Soirée mystique et création mondiale au Festival Le Balcon
Trois compositeurs étaient au programme de la « soirée mystique » proposée par Maxime Pascal et son ensemble Le Balcon au théâtre de l’Athénée ce samedi 23 mars : Wagner, Harvey et Suárez-Cifuentes (accompagné pour l’occasion du vidéaste et plasticien Nieto, son associé pour le projet de l’opéra Revelo, dont l’achèvement est prévu pour 2020).

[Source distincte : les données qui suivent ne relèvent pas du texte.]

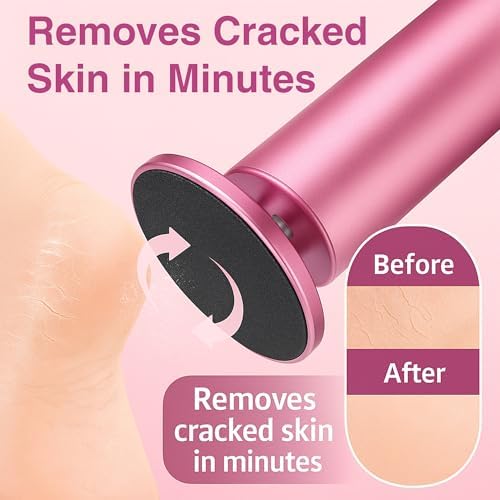 Electric Foot Callus Remover | Feet Filer Sander File Tool Grinder Heavy Duty Scrubber Shaver Buffer Smoother Drill Pedicure Dead Skin Cracked Heels Calluses 60 pcs Sandpaper Discs by VISOFO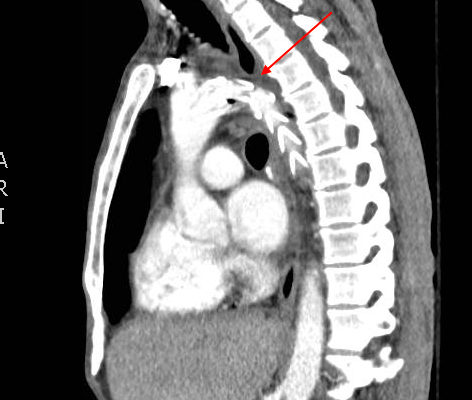 Traumatic Aortic Injury. Sag CT 1, Annotated. JETem 2016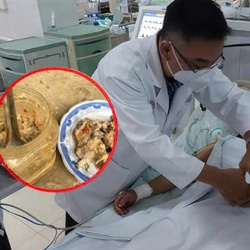 Vụ ngộ độc khi ăn cá ủ chua: Bác sĩ chỉ cách nhận biết thực phẩm chứa độc tố botulinum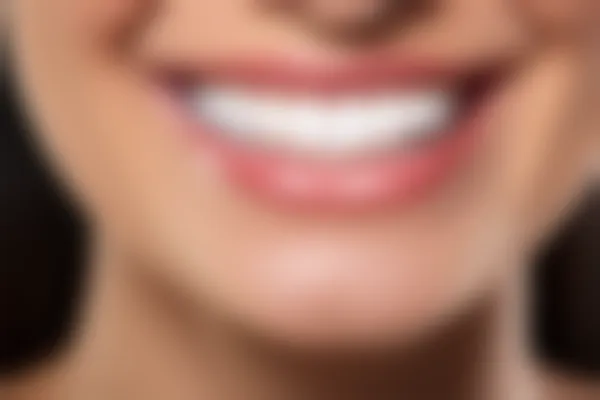 北京青苗儿童口腔(火器营店)牙齿美白服务现价仅需600元起，原价800元起，快来查看我们的优惠价目表，体验超值服务！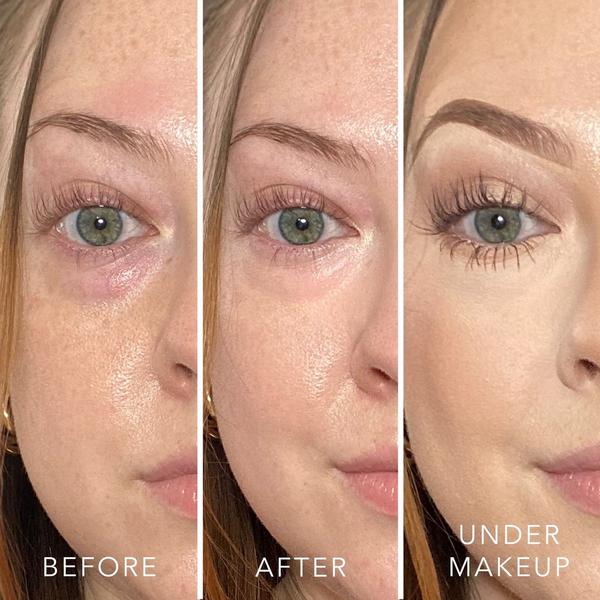 Doll 10 T.C.E This Corrects Everything Luminous Undereye Corrector #3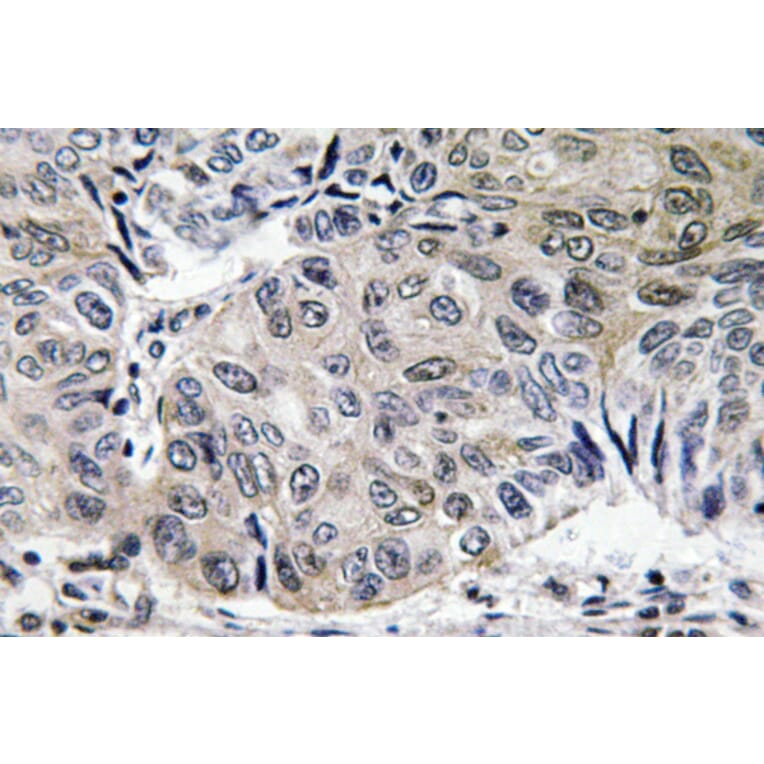 Immunohistochemistry - Anti-S-100A10 Antibody (R12-2342) - Antibodies.com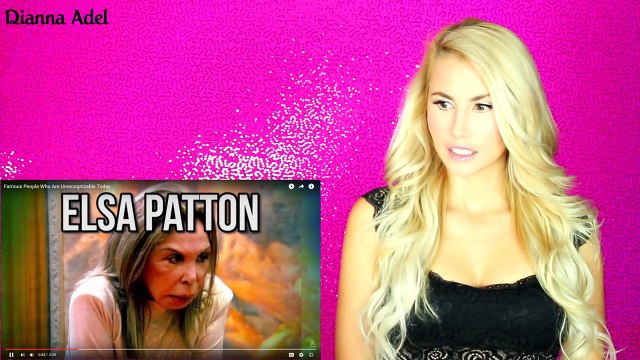 Celebrity Plastic Surgery Gone Wrong Famous People Who Unrecognizable Before and After Images Dianna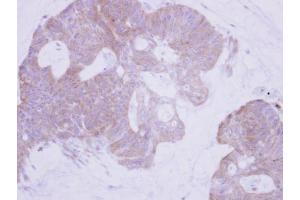 IHC-P Image Immunohistochemical analysis of paraffin-embedded human colon carcinoma, using PTER, antibody at 1:500 dilution. (PTER 抗体)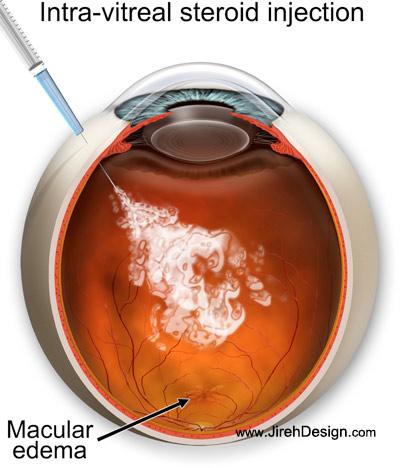 Kenalog eye injection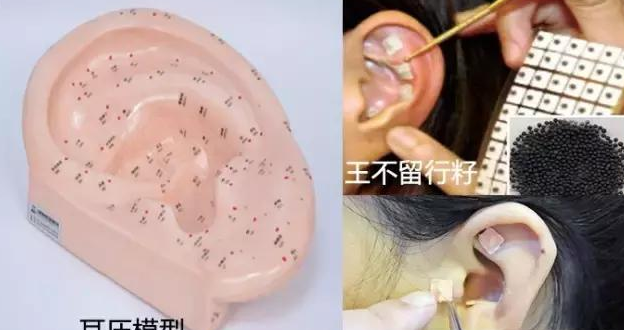 痔疮手术后疼痛怎么办 耳压中药熏洗能缓解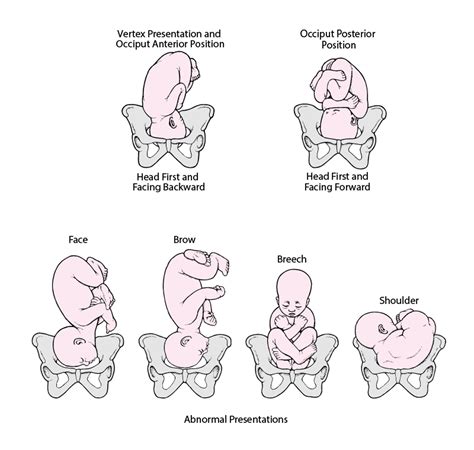 Fetal Presentation, Position, and Lie (Including Breech Presentation ...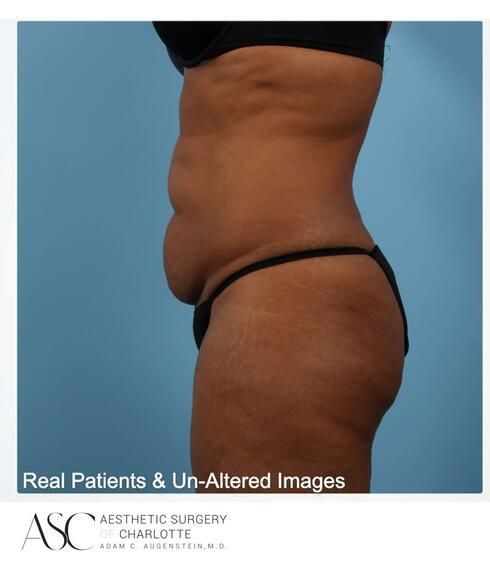 Abdominoplasty Before & After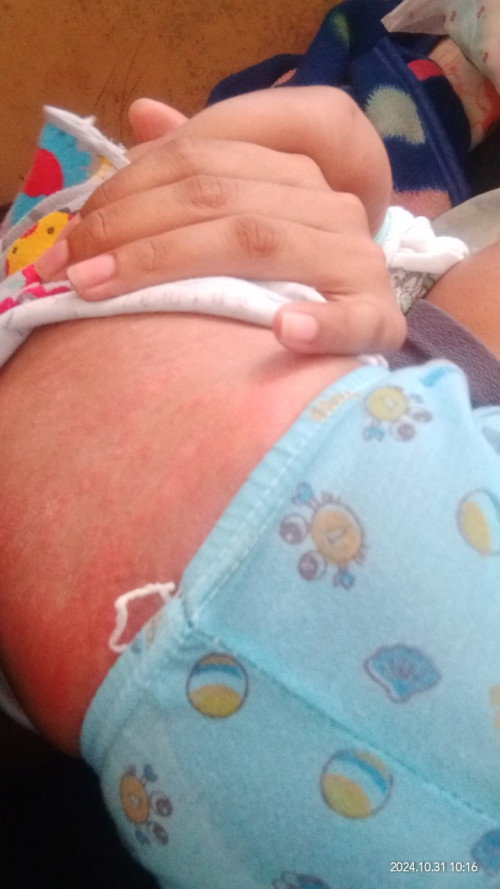 Masalah kulit pada bayi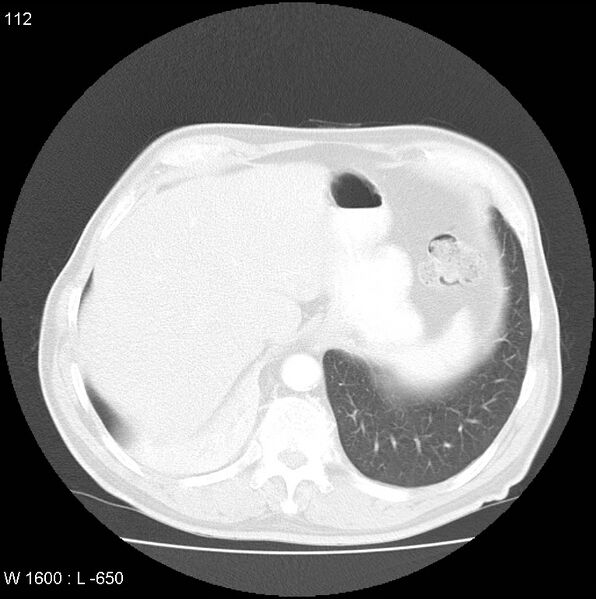 File:Bronchial carcinoid tumor with right lower lobe collapse (Radiopaedia 29060-29422 B 50).jpg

Le mysticisme « humain » de l’amour et de la naissance
Trois compositeurs : autant d’approches du mysticisme et de la spiritualité. Celle de Wagner, dont on connaît l’éclectisme en la matière (auteur de Religion und Kunst [Religion et Art] en 1880, il approcha le bouddhisme par l’intermédiaire de Shopenhauer et lut L’Introduction au bouddhisme indien d’Eugène Burnouf) est ici doublée d’une autre « religion » : l’amour porté à Cosima. Siegfried-Idyll (titré originellement – et longuement – Tribschener Idyll mit Fidi-Vogelgesang und Orange Sonnenaufgang [Idylle de Triebschen avec le chant des oiseaux de Fidi et le coucher de soleil orange]) est en effet un cadeau destiné à sa femme, alors jeune mère de leur fils Siegfried – Fidi. L’œuvre, courte pièce instrumentale, reprend une partie du matériau thématique d’un mouvement de quatuor à cordes en mi majeur esquissé quelques années auparavant – aussi repris dans l’opéra Siegfried auquel le compositeur travaille alors. Les thèmes de « l’Immortelle bien-aimée », du « Sommeil de Brünehilde » et du « Trésor du monde » ainsi que les appels de l’Oiseau, tous Leitmotive de l’opéra en cours, se reconnaissent aisément, auxquels s’ajoute une délicate berceuse de hautbois, évocation du fils du compositeur dont les paroles avaient d’ailleurs été notées sur le carnet de travail de Wagner. Pour cette œuvre, Maxime Pascal, directeur musical du Balcon, a choisi d’éclater les treize instrumentistes de l’ensemble. Seuls sur scène, le quintette à cordes (deux violons, alto, violoncelle et contrebasse) et le basson répondent aux bois (flûte, hautbois, deux clarinettes) et cuivres (deux cors et une trompette) répartis sur toute la hauteur des balcons, au plus près de la scène. Cette option de spatialisation offrait une lecture particulièrement aérée, comme « dépoussiérée », de la partition, donnant la parole aux couleurs individuelles qui s’appropriaient ainsi remarquablement l’espace du théâtre.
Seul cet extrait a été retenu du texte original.